Let's say that you want to uncover the process for how your content team creates a blog post. Rather than starting way back at the beginning, start with the end result: a post is published. What step happens right before that? It's scheduled. Before that? It's SEO-optimized. And, before that? Images are added.
Continue moving backwards through each little piece of the puzzle until you've reached the very beginning—when a blog post idea is selected.
Once the draft of the new process is done, Clingan suggests reviewing and improving it by looking for the following three situations:
- When something that could or should be happening isn’t.
- When something that shouldn’t be happening is.
- When you don’t know what’s happening.
4. Reduce the volume
Even with the above steps, you may still end up with a somewhat bloated and overly complicated process.
“Most processes can be done in no more than six steps—even though we know there are many moving parts and sub-steps that occur,” says Marcus.
This is why it’s important to try to reduce the volume of your process to make it as streamlined as possible. “It’s always better to put your hours of operation on your website than to develop a very efficient process for providing your hours of operation on the phone,” Bachman provides as an example.
Tip: Look for areas where you’re completing things simply because you’ve always done them—those might be tasks that could be cut out completely.
Tip: Keep your eyes peeled for sections where you might have one piece of the process passing through too many hands. Often, the fewer people involved in getting a particular task accomplished, the better.
Tip: Continuously ask yourself if there’s a better way things could be done. Just because they wind up completed doesn’t always mean they were finished in the most efficient and effective way. Reviewing and learning is the only way to improve processes for the future.
Easing the transition: How to implement new processes
Even though this new process is designed to help your team function better while addressing the problems they were consistently facing, there will be resistance to change. You will experience some reluctance or hesitation when introducing a new and improved process.
For this reason, it’s important that you communicate openly with your team members and involve them in the process as instructed above.
Before you implement this new way of doing things, schedule a meeting with the team members who will be impacted by this new process. Take the time to explain why this change was necessary—making sure that you touch on those challenges and pain points you identified—and then ask for any further questions or suggestions about the new process.
The more people understand why the change was made and how it helps them, the more accommodating and engaged they’ll be.
Your work processes are how your team gets things accomplished. But they shouldn't just be set and forgotten because change is the only real constant in your team.
Members leave, new ones join. New technologies and tools are introduced while others are retired. Goals and objectives shift all the time. Failing to adjust and improve your processes to match those changes will only result in frustration, disorganization, and debate.

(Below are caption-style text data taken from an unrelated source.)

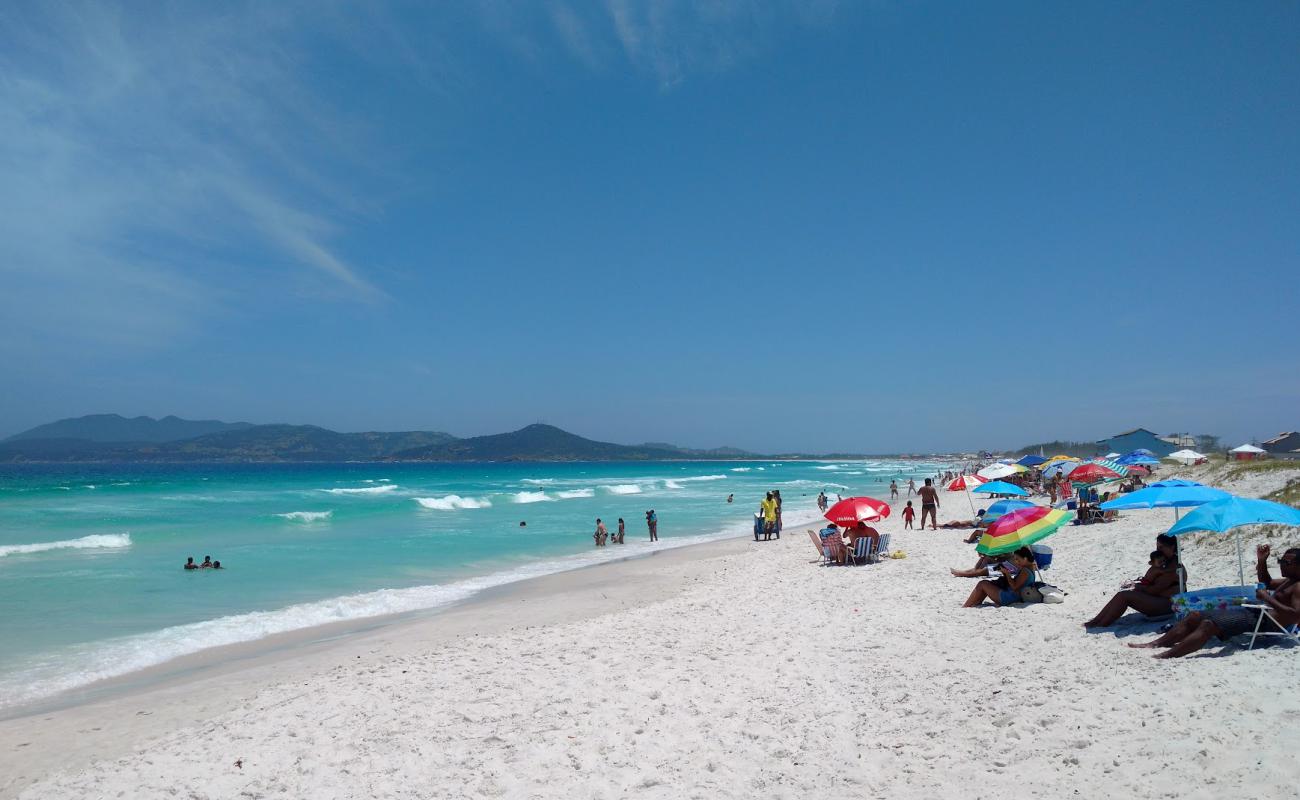 Фото Praia do Foguete с белый чистый песок поверхностью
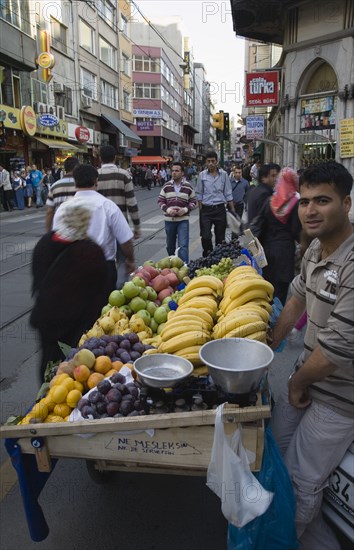 Istanbul, Turkey. Sultanahmet. Fresh fruit stall beside tramway on busy street. Turkey Turkish Istanbul Constantinople Stamboul Stambul City Europe European Asia Asian East West Urban Destination Travel Tourism Sultanahmet Street Market Stall Vendor Fruit Busy People Crowded Crowd Destination Destinations Middle East South Eastern Europe Turkiye Western Asia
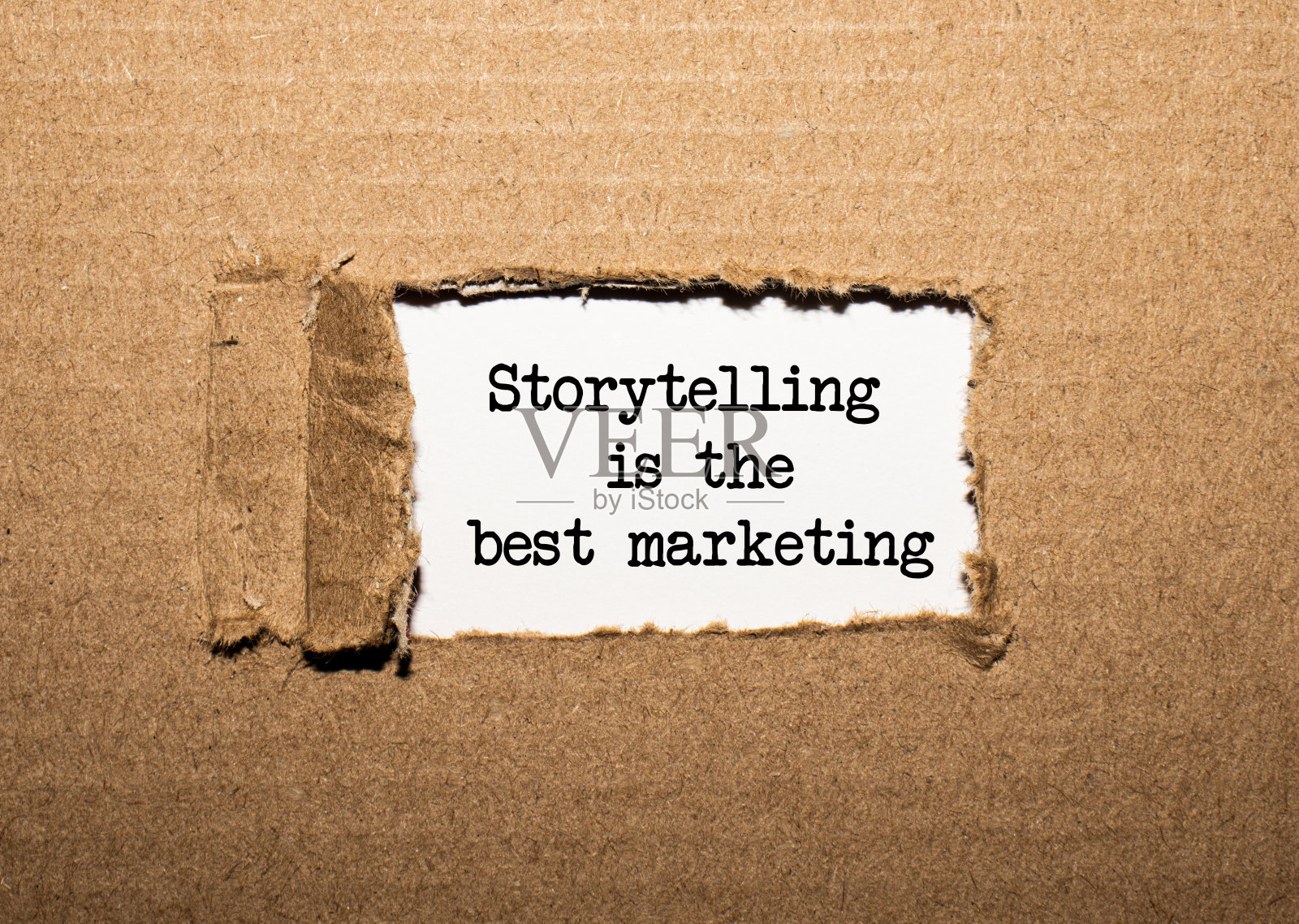 文字讲故事是最好的营销。在撕裂的牛皮纸后面照片摄影图片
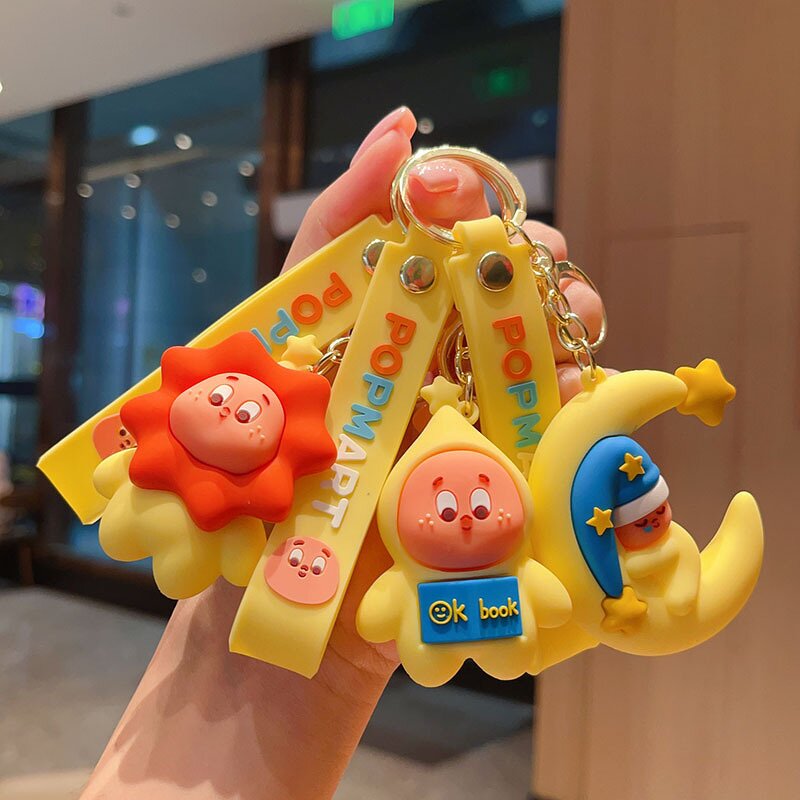 Rubber Keychain Manufacturer - OEM/ODM Cartoon Yellow Doll Car Pendant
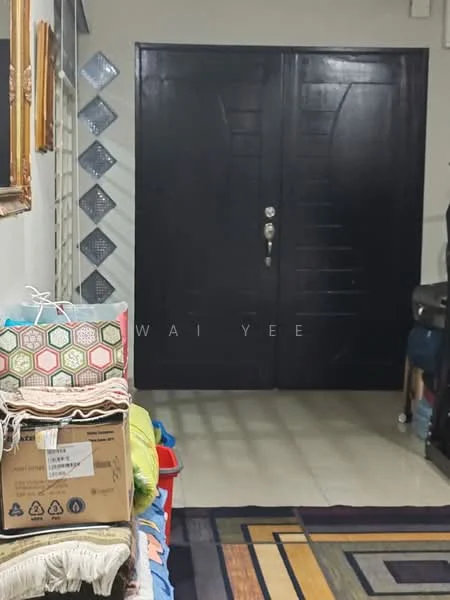 Room features: double wooden doors with vertical paneling, cream tiled flooring, decorative wall mirror, stack of boxes, colorful patterned cushions, textured wall, wall-mounted light fixture, area rug with geometric pattern; style: modern.
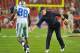 TAMPA, FL - DECEMBER 17: Coach Jason Garrett applauds wide receiver Dez Bryant #88 of the Dallas Cowboys before play against the Tampa Bay Buccaneers December 17, 2011 at Raymond James Stadium in Tampa, Florida. (Photo by Al Messerschmidt/Getty Images)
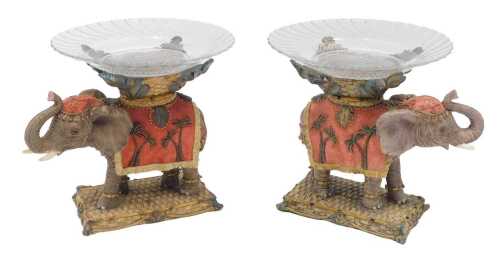 A pair of 20thC serving pieces, formed with moulded glass dishes with floral centres, on...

Instead of hoping that your team members adapt and processes somehow adjust when changes are introduced, you need to be proactive in managing change by identifying current processes and then crafting new ones that will keep your team’s tasks streamlined and predictable.
To recap, here's what that looks like:
|Identifying Your Current Work Process:|
|Building a Better Process:|
Use this information to pinpoint your current processes and make the necessary adjustments, and your team is sure to be effective, efficient, and organized—regardless of what gets thrown their way!